--- Given records Enclosed Below ---

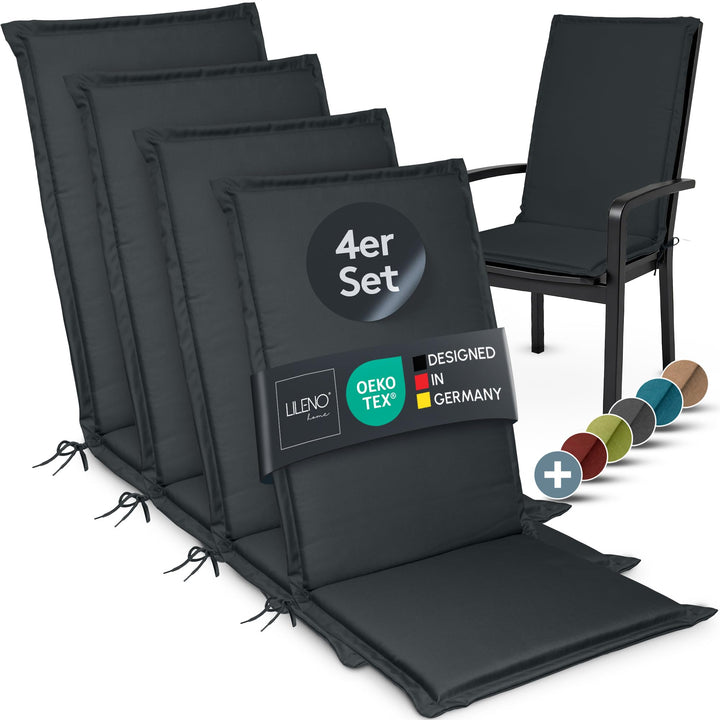 LILENO HOME Gartenstuhl Auflagen [4er Set - Hochlehner] in Anthrazit - Bequeme Liegen als Sitzauflag
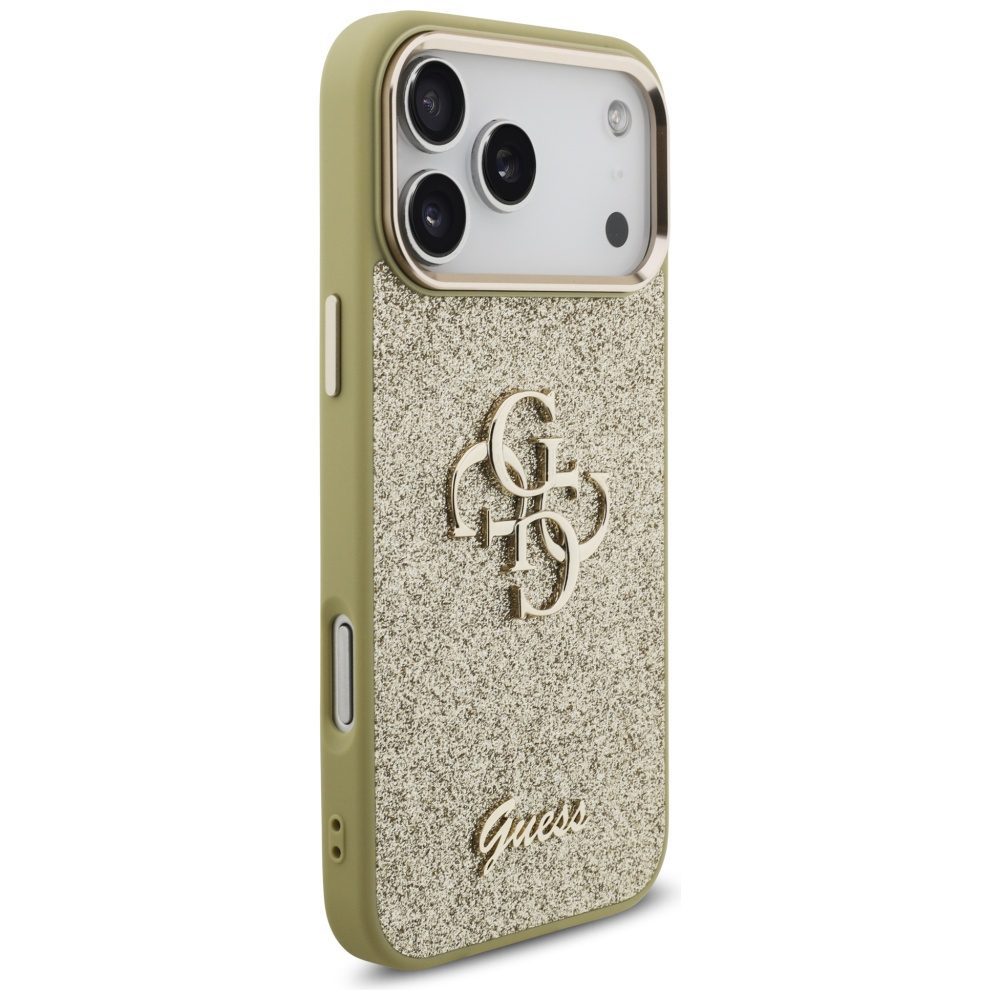 Guess Fixed Glitter Big 4G Metal Frame case for iPhone 17 Pro Max - goldeng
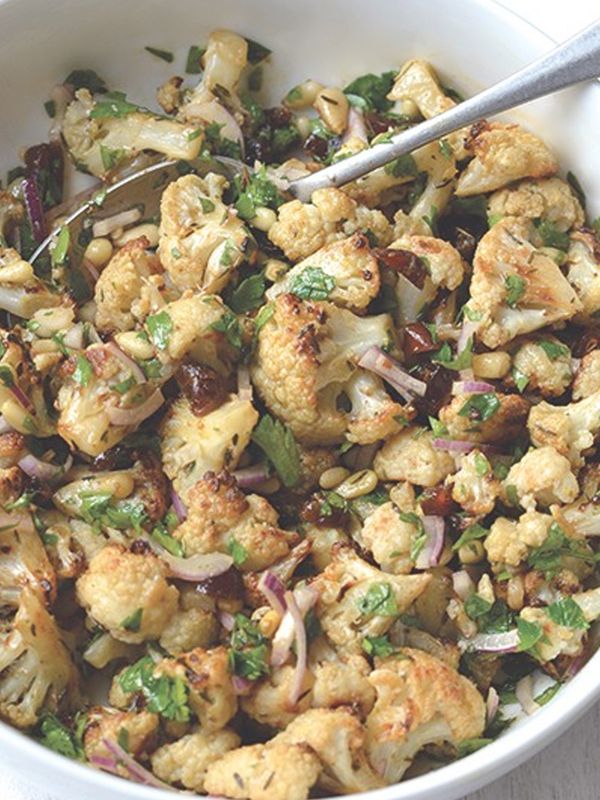 Roasted Cauliflower Salad with Dates & Red Onion
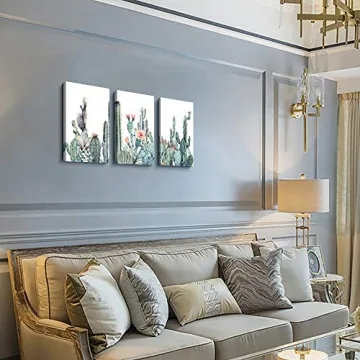 Modern Botanical Canvas Wall Art Set 3 Pieces Ready to Hang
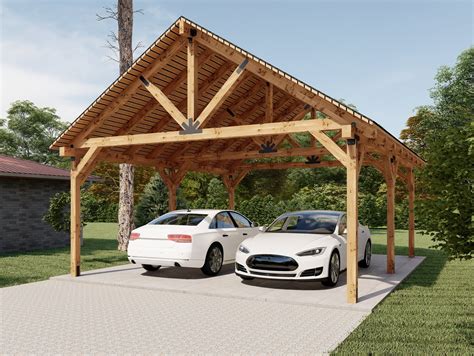 20'x24' Wooden Carport Plans Gable Roof Pavilion - Etsy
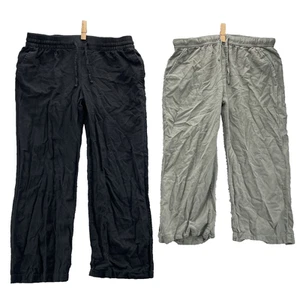 Linen Blend Pants LOT 2 Women Med Green Black Coastal Boho Chic Classic Academia - Picture 1 of 12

--- End of Enclosed Given records ---

Repeat the records above exactly, from the first line through the line containing "Modern Botanical Canvas", and leave out the pictures.

 LILENO HOME Gartenstuhl Auflagen [4er Set - Hochlehner] in Anthrazit - Bequeme Liegen als Sitzauflag
 Guess Fixed Glitter Big 4G Metal Frame case for iPhone 17 Pro Max - goldeng
 Roasted Cauliflower Salad with Dates & Red Onion
 Modern Botanical Canvas Wall Art Set 3 Pieces Ready to Hang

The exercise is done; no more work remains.